**Exercise requirements:** Write out again, exactly, the lines below starting at the one with "HUSQVARNA 353 TESTERE" and ending at the one with "mėlyna Calvin Klein".

**Provided records:**
=====

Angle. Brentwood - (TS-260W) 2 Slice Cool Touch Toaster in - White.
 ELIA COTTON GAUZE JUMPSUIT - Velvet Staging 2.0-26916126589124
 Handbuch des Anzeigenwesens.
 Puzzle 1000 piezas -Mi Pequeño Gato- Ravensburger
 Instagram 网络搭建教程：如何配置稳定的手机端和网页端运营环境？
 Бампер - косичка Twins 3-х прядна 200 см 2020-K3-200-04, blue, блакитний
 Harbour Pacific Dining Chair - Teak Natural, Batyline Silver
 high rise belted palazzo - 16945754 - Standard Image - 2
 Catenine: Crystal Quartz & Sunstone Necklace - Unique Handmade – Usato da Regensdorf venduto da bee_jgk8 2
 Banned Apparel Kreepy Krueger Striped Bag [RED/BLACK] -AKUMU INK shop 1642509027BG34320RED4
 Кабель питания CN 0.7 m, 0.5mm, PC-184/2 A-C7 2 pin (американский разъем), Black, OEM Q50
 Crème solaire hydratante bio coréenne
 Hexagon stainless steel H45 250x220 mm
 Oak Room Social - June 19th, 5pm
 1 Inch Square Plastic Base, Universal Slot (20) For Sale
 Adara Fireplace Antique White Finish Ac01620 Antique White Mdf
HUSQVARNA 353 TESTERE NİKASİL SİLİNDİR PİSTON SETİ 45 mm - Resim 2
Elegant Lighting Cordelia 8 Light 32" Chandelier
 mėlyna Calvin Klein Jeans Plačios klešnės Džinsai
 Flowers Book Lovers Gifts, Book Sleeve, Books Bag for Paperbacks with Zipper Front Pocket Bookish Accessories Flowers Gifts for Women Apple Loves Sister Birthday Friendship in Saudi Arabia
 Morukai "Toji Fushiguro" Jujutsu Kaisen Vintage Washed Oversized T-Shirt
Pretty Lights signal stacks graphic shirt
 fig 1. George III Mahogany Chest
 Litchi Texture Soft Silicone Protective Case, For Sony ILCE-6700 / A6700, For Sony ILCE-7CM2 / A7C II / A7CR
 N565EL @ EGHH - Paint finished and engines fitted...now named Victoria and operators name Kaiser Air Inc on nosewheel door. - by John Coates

=====

**Result:**
HUSQVARNA 353 TESTERE NİKASİL SİLİNDİR PİSTON SETİ 45 mm - Resim 2
Elegant Lighting Cordelia 8 Light 32" Chandelier
 mėlyna Calvin Klein Jeans Plačios klešnės Džinsai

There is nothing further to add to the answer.